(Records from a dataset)
■ ■ ■ ■ ■
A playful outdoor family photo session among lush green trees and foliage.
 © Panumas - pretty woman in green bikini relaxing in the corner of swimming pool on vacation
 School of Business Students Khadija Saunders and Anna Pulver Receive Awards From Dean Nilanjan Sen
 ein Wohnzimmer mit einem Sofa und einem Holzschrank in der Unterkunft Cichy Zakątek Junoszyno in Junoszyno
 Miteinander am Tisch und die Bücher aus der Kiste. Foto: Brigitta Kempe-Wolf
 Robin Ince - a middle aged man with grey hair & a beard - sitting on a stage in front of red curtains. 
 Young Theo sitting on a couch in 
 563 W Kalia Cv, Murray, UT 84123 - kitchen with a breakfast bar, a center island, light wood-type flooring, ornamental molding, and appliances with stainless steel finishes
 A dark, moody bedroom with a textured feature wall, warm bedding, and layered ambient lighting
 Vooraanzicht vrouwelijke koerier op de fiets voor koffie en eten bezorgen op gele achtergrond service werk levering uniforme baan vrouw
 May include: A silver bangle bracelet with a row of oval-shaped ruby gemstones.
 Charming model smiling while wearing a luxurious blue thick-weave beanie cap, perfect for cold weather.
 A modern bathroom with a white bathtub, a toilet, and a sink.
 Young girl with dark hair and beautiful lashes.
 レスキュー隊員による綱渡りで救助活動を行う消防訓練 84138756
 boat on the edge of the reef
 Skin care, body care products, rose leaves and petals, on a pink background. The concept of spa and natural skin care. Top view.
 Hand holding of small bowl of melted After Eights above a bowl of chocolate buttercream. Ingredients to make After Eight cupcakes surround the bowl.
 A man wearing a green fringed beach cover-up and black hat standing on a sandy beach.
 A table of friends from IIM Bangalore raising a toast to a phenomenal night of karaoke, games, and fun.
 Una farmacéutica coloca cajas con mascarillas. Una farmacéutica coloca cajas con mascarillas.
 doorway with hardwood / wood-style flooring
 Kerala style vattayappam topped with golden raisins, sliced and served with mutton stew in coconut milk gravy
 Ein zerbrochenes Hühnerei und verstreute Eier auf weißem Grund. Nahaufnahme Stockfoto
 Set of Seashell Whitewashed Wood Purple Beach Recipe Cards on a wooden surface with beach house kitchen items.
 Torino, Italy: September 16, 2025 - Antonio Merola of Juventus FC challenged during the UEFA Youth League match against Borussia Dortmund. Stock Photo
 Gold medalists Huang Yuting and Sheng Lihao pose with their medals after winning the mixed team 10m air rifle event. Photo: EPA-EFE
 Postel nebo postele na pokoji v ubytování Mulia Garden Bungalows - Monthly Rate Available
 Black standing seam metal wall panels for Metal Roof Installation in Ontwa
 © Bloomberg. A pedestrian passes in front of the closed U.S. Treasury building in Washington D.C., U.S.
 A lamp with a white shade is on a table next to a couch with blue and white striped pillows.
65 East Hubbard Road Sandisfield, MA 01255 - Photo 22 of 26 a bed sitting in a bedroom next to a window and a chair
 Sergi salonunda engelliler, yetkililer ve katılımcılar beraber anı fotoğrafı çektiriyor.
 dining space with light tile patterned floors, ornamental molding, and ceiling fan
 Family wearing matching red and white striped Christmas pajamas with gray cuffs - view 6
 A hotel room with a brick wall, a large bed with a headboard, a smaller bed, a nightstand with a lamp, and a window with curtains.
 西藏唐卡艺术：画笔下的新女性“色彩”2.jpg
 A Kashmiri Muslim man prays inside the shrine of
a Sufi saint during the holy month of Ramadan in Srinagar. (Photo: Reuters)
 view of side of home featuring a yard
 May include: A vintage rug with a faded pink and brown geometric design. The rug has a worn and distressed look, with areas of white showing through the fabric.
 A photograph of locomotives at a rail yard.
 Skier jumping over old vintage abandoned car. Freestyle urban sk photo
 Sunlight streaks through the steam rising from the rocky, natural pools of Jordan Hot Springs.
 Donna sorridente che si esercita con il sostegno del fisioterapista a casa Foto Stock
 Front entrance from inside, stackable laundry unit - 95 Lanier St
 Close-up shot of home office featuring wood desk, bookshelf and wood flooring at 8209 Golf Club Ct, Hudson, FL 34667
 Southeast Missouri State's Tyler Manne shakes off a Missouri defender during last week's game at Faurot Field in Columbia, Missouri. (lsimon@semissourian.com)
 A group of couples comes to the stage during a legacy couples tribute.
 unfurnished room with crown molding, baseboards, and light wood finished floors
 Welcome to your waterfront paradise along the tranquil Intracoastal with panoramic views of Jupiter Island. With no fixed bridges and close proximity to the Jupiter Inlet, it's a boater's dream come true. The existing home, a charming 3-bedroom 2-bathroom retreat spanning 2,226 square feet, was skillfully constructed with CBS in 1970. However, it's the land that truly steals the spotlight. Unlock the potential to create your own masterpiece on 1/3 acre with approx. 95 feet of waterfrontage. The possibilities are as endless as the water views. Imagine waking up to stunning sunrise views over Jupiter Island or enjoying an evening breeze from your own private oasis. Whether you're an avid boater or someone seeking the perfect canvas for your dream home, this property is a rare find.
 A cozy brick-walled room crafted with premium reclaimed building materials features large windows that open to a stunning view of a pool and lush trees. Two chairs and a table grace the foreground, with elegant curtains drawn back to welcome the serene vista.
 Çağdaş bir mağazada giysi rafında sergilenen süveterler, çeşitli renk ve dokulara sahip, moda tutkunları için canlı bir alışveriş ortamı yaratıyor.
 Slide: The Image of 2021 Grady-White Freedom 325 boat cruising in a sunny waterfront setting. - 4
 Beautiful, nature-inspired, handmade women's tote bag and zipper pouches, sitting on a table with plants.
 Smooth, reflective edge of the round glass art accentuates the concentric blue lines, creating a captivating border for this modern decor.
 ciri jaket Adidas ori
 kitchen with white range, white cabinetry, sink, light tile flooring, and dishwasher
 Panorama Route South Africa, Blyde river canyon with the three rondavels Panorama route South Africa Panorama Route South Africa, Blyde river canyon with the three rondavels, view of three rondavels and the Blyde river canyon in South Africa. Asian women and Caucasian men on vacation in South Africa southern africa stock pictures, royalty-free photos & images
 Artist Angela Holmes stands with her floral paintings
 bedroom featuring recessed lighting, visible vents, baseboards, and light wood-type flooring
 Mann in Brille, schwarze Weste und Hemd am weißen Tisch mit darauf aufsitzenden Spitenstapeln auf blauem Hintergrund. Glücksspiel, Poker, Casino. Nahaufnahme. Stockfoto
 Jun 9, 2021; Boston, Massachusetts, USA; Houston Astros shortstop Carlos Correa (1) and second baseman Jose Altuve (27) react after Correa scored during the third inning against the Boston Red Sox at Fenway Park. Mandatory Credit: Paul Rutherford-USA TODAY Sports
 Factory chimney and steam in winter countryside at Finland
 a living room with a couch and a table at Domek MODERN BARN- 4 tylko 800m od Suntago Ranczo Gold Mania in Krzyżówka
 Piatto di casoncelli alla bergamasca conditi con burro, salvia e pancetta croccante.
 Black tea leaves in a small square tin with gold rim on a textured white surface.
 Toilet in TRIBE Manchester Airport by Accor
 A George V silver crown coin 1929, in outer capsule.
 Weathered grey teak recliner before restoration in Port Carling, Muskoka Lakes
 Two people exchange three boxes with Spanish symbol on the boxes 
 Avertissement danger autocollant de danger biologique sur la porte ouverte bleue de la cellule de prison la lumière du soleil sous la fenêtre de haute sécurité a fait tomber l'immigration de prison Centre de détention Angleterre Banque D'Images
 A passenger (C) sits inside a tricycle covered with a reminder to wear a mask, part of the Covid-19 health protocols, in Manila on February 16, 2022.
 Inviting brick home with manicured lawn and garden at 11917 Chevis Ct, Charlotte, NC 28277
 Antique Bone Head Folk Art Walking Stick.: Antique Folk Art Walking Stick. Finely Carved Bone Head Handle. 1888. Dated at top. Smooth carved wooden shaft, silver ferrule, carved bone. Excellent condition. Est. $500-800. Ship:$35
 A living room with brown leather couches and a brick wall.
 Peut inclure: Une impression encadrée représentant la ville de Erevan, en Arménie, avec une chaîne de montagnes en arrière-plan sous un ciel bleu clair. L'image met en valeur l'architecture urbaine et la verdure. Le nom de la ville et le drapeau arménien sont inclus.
■ ■ ■ ■ ■
EXERCISE DIRECTIONS: Among the entries above, which lines include "kitchen"? List them all.

SOLVED EXERCISE:
 563 W Kalia Cv, Murray, UT 84123 - kitchen with a breakfast bar, a center island, light wood-type flooring, ornamental molding, and appliances with stainless steel finishes
 Set of Seashell Whitewashed Wood Purple Beach Recipe Cards on a wooden surface with beach house kitchen items.
 kitchen with white range, white cabinetry, sink, light tile flooring, and dishwasher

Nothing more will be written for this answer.